You can use a Graphics Processing Unit (GPU) to train your models faster if your execution platform is connected to a GPU manufactured by NVIDIA. Follow these instructions to use a GPU on the platform of your choice:

  • Google Colab: Use the menu option "Runtime > Change Runtime Type" and select "GPU" from the "Hardware Accelerator" dropdown.
  • Kaggle: In the "Settings" section of the sidebar, select "GPU" from the "Accelerator" dropdown. Use the button on the top-right to open the sidebar.
  • Binder: Notebooks running on Binder cannot use a GPU, as the machines powering Binder aren't connected to any GPUs.
  • Linux: If your laptop/desktop has an NVIDIA GPU (graphics card), make sure you have installed the NVIDIA CUDA drivers.
  • Windows: If your laptop/desktop has an NVIDIA GPU (graphics card), make sure you have installed the NVIDIA CUDA drivers.
  • macOS: macOS is not compatible with NVIDIA GPUs

If you do not have access to a GPU or aren't sure what it is, don't worry, you can execute all the code in this tutorial just fine without a GPU.

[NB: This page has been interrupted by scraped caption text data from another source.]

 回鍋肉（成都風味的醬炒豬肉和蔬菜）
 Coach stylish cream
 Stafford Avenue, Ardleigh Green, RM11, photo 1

Introduction to Generative Modeling

Deep neural networks are used mainly for supervised learning: classification or regression. Generative Adversarial Networks or GANs, however, use neural networks for a very different purpose: Generative modeling

Generative modeling is an unsupervised learning task in machine learning that involves automatically discovering and learning the regularities or patterns in input data in such a way that the model can be used to generate or output new examples that plausibly could have been drawn from the original dataset. - Source

To get a sense of the power of generative models, just visit Every time you reload the page, a new image of a person's face is generated on the fly. The results are pretty fascinating:

While there are many approaches used for generative modeling, a Generative Adversarial Network takes the following approach:

There are two neural networks: a Generator and a Discriminator. The generator generates a "fake" sample given a random vector/matrix, and the discriminator attempts to detect whether a given sample is "real" (picked from the training data) or "fake" (generated by the generator). Training happens in tandem: we train the discriminator for a few epochs, then train the generator for a few epochs, and repeat. This way both the generator and the discriminator get better at doing their jobs.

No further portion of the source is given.